▶ [Record extracts]
* * * *

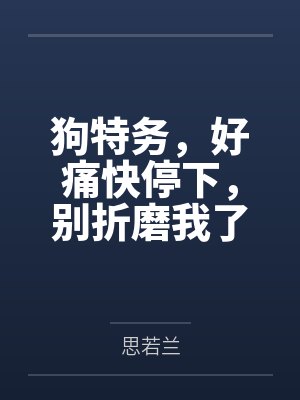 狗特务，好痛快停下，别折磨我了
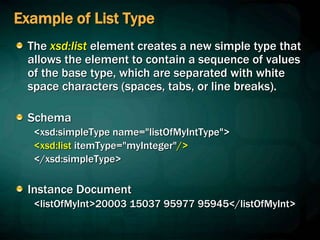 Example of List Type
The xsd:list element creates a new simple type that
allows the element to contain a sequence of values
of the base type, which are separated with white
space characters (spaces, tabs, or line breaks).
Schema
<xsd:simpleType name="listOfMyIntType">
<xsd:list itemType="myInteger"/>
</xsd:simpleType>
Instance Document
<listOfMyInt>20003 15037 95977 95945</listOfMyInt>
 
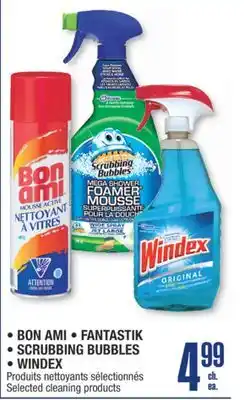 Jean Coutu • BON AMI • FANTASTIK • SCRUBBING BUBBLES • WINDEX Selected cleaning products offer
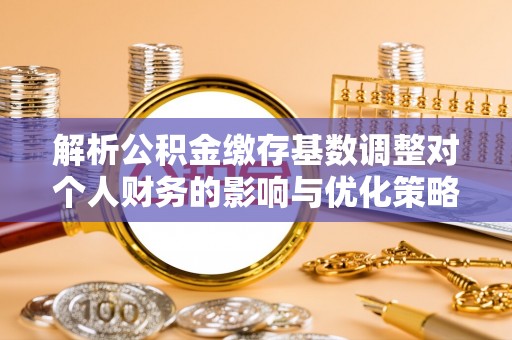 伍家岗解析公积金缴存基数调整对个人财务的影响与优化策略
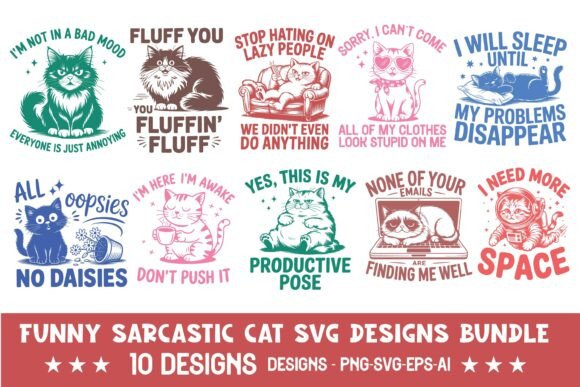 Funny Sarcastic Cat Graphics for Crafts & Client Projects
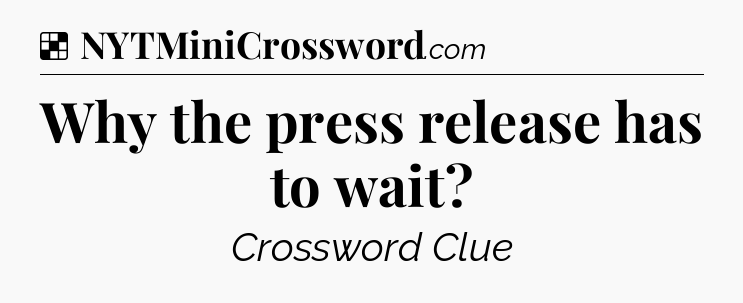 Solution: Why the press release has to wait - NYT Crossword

* * * *

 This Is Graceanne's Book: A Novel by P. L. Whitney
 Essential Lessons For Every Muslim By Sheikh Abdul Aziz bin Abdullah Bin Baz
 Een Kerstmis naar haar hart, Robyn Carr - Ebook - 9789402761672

* * * *

▶ [Problem details] Which of the lines above carry the string "simpleType"? Pick them out and copy them.

▶ [Task output]
<xsd:simpleType name="listOfMyIntType">
</xsd:simpleType>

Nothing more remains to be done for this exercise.